Troubling trends have emerged that could endanger the openness and consistency of the internet’s underlying infrastructure and raise barriers around some of the content and transactions it conveys. Unfortunately, there is no consensus about the nature, scope and potential impact of this fragmentation, much less how the problem can be best addressed.

To help build a shared understanding and advance the emerging conversation about this global challenge, the WEF’s global challenge on the future of the internet initiative invited three experts: William J. Drake, international fellow and lecturer at University of Zurich, Switzerland; Vinton Cerf, vice president and chief internet evangelist at Google, USA; and Wolfgang Kleinwachter, Prof for international communication policy and regulation at Univer­sity of Aarhus in Denmark to produce a white paper that lays out the issues.

The report concludes that meeting the challenge of internet fragmentation will require vigilance, analysis and international cooperation involving all stakeholders.

The most common imag­ery of “governmental fragm­entation” is of the global pub­­lic internet being divi­ded into digitally bordered “national internets”. Move­ment in the direction of national segmentation could entail establishing barriers that impede internet technical functions, or block the flow of information and e-commerce.

For many in civil society, fragmentation seems to refer instead to the spread of government censorship, blocking, filtering and other access limitations, as well as to proprietary platforms and business models that in some measure impede end-users’ abilities to freely create, distribute and access information.

Authors of the white paper say that there is a growing sense in many quarters that this extraordinary technology that has been a critically important source of new wealth creation, economic opportunity, socio-political development and personal empowerment is experiencing serious strains and even dangers.

As the internet became a commercial service and was adopted by the private sector, legitimate interest in protecting computing assets from access by the “outside world” led to the design and implementation of firewalls that could filter traffic at the packet level.
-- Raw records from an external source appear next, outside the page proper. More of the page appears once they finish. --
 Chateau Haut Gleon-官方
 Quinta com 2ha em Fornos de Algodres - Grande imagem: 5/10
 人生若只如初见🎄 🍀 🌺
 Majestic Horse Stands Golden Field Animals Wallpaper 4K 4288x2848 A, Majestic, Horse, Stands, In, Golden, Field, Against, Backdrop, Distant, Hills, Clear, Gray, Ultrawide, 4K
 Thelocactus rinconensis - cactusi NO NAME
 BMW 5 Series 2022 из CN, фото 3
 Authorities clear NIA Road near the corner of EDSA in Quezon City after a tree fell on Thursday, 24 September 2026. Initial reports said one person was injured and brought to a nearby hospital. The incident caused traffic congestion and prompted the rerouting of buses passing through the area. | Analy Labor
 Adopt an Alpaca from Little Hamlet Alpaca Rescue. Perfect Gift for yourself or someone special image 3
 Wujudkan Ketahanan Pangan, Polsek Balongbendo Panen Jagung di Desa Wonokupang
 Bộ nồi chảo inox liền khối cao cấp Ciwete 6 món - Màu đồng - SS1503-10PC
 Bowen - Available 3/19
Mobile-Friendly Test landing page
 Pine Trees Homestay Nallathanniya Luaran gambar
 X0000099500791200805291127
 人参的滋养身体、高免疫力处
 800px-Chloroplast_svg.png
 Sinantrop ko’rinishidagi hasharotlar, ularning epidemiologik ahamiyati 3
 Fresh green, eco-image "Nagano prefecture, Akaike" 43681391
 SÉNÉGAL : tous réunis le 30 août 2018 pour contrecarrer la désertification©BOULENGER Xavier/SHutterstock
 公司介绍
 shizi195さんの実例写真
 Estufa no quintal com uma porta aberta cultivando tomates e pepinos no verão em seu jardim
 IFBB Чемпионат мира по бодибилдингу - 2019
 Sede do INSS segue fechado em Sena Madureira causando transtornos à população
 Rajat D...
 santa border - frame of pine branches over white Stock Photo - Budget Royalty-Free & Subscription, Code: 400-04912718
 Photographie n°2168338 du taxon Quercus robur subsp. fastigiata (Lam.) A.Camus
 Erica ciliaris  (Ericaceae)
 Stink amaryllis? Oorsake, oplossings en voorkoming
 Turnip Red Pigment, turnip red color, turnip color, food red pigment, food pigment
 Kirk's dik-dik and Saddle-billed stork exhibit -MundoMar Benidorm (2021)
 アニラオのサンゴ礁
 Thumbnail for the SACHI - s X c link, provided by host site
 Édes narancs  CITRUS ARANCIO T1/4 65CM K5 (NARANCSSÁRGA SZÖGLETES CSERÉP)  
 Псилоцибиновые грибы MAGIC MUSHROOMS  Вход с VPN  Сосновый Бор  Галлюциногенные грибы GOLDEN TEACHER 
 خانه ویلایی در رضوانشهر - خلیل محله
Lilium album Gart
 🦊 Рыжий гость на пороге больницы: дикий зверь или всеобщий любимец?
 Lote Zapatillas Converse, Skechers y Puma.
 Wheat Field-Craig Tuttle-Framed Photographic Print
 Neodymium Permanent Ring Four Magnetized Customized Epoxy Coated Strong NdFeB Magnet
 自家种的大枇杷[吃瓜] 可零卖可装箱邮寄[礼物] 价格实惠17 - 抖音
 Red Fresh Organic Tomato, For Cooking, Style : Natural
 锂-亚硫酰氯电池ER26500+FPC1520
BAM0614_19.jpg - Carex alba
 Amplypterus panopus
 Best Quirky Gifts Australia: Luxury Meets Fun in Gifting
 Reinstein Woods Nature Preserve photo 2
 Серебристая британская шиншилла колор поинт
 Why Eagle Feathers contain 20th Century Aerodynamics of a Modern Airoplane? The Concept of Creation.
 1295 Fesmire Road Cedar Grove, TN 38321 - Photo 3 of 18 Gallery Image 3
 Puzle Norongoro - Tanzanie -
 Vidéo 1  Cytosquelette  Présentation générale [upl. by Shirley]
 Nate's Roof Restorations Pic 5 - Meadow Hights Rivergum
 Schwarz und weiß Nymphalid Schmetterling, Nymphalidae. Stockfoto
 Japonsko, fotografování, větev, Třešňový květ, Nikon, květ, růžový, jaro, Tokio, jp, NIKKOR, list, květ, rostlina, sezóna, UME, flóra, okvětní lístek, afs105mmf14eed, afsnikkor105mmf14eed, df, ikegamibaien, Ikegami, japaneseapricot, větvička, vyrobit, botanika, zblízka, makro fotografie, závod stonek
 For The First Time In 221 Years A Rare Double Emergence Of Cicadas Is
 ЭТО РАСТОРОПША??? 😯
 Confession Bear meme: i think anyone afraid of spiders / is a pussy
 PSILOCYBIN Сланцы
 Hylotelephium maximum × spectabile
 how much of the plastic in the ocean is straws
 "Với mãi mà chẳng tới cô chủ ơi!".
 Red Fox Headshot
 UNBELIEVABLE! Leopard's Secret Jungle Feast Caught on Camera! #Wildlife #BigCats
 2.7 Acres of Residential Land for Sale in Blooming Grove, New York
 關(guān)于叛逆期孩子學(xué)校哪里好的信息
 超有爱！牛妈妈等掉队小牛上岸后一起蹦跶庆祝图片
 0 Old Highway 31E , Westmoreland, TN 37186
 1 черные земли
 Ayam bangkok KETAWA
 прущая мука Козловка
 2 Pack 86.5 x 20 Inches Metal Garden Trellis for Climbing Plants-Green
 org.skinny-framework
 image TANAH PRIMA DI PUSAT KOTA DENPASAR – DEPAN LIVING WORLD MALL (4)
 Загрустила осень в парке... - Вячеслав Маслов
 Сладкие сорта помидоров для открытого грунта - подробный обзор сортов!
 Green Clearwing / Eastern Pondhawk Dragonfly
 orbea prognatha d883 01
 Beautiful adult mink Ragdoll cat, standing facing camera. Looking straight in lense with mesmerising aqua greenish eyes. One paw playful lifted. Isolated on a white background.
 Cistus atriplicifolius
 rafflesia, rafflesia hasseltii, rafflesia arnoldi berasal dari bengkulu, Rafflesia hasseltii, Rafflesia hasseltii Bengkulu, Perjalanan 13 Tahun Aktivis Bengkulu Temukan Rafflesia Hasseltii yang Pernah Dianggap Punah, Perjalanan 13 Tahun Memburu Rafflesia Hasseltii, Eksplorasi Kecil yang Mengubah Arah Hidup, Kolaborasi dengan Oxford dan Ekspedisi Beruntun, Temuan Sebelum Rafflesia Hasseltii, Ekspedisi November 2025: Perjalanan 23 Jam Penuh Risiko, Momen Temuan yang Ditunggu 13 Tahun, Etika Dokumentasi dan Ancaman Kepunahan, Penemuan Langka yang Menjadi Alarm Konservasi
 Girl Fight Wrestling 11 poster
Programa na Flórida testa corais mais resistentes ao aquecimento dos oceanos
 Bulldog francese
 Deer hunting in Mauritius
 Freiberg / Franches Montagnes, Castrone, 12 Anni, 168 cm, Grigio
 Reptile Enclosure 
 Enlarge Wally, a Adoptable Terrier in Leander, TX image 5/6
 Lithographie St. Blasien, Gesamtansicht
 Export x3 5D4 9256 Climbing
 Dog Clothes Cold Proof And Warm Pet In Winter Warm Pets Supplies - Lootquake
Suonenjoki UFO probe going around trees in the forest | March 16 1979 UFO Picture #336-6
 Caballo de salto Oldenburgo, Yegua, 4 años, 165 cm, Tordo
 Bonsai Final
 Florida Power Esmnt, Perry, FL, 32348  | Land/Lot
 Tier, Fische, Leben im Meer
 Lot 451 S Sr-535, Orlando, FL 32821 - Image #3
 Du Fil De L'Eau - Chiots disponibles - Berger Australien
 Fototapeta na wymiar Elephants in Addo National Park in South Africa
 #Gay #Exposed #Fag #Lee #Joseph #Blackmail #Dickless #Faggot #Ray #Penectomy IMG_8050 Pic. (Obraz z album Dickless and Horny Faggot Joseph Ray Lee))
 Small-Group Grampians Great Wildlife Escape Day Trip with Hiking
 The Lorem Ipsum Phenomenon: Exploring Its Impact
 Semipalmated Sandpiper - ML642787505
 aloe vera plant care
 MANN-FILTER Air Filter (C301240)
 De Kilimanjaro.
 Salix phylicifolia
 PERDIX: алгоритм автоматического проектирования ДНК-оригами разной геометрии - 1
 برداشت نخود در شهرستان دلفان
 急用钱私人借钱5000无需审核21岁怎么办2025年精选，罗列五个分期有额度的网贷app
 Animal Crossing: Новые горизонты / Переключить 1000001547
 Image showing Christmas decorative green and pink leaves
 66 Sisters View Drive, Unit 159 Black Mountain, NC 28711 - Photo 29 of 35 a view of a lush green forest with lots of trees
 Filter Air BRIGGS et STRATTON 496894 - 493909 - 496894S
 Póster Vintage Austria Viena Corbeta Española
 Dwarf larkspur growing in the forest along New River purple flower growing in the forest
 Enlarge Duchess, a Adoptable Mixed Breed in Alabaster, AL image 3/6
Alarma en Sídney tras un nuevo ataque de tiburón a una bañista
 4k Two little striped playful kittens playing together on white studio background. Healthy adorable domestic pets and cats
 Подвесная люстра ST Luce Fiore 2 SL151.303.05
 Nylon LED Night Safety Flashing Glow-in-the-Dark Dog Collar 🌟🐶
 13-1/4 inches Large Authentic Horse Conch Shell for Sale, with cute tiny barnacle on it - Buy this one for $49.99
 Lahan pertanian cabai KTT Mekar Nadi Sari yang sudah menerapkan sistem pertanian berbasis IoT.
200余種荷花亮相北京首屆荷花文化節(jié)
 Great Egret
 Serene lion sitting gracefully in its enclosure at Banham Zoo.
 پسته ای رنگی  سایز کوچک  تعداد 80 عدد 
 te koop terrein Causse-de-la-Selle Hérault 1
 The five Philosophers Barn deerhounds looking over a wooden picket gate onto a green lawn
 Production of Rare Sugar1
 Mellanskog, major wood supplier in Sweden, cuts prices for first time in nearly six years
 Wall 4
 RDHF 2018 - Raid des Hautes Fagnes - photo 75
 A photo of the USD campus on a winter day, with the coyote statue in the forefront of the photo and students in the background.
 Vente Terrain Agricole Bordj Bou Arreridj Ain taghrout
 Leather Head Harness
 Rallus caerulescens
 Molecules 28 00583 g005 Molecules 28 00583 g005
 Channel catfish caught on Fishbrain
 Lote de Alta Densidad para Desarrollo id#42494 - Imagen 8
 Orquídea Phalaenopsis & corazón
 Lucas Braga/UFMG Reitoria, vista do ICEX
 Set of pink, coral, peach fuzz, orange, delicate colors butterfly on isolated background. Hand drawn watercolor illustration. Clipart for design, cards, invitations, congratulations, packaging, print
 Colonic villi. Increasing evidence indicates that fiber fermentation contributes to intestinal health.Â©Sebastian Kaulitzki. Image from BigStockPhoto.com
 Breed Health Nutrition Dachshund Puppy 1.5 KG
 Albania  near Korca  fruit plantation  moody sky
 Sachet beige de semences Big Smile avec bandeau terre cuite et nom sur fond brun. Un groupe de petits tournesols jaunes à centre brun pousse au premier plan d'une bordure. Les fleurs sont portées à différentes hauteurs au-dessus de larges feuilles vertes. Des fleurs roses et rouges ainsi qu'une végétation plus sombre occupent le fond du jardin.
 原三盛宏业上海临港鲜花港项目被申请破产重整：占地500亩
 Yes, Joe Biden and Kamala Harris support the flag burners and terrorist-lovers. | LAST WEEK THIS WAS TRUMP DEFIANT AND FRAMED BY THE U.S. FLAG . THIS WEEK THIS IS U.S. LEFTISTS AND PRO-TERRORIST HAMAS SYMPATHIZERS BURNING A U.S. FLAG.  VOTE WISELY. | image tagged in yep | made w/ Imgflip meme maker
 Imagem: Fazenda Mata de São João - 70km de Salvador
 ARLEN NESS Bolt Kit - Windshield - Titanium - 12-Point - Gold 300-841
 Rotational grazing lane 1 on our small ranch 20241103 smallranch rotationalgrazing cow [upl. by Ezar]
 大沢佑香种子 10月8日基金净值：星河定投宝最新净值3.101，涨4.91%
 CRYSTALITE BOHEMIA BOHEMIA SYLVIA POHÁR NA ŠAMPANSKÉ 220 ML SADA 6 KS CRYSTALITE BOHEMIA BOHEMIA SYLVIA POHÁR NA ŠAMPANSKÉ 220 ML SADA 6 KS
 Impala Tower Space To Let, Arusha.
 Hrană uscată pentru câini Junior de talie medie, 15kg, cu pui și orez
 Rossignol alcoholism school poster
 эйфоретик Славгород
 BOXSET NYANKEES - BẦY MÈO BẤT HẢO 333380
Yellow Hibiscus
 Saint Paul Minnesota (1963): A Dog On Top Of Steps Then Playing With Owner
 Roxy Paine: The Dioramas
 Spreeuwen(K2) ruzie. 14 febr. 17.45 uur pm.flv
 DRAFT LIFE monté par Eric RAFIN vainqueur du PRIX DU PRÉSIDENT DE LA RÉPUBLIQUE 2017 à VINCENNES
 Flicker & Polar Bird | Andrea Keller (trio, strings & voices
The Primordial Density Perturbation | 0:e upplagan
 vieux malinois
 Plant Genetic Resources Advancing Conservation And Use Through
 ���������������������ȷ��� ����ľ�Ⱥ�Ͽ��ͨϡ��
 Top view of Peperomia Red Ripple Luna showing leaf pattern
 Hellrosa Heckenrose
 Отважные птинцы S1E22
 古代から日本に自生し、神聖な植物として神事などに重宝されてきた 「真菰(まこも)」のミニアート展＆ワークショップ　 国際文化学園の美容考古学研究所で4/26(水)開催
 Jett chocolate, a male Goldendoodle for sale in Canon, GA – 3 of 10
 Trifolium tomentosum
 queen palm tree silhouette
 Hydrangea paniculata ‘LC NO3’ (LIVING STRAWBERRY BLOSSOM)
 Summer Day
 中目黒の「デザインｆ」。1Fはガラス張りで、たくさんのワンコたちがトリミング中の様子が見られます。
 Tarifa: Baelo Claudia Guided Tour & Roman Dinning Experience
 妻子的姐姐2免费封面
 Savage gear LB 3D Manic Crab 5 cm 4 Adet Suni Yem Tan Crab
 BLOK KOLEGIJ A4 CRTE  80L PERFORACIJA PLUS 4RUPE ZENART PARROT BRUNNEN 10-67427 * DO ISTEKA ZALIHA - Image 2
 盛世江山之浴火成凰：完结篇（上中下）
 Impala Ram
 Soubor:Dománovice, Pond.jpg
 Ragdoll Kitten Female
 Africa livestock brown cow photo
The report says that over 3 billion internet users live not in cyberspace, but rather in physical spaces overseen by governments with varying legal systems and policies. All virtual communication is enabled via physical servers that are located in concrete places and have to operate under the jurisdictions of host countries.

While the military and intelligence establishments of countries like the US began to think about the interplay between the global internet and national security in the 1990s, most governments did not really focus on the matter until the beginning of this century.

The terrorist attacks on Sept 11, 2001, in the United States proved to be catalytic. At the national level, many governments took cues from the US ‘Patriot Act’ legislation and began to elaborate policies, although there was no shared global understanding about the precise boundaries and conduct of national security protections.

In the years to follow, the range and diversity of cyber attacks grew which further led many governments to develop “national cyber security strategies”.

Many governments began to treat national security as a concept that included and justified the control of political communications and cross-border content more generally.

The Arab Spring that begun in 2010, offered a significant example of how the internet can help people organise for political change.

Accordingly, some governments concluded that there was a need for more control over internet communications, and perhaps even the need to centralise connections to allow for the termination of all internet connections at a single point, as several Arab countries had done.

Legislation introduced in the US Senate in 2010 to require an “internet kill switch” was not passed, but it helped foster a line of thought within some governments.

All this deepened the trends towards the spread of restrictive national laws and practices to block online content and the use of social networks in countries like Turkey, Iran, China, Pakistan, Russia, the former Asian Soviet republics, and many others.

In the name of strengthening national security, more states built defensive “walls” of varying widths and heights around their territories and sought to channel internet communications via a limited number of gateways that could be more easily controlled.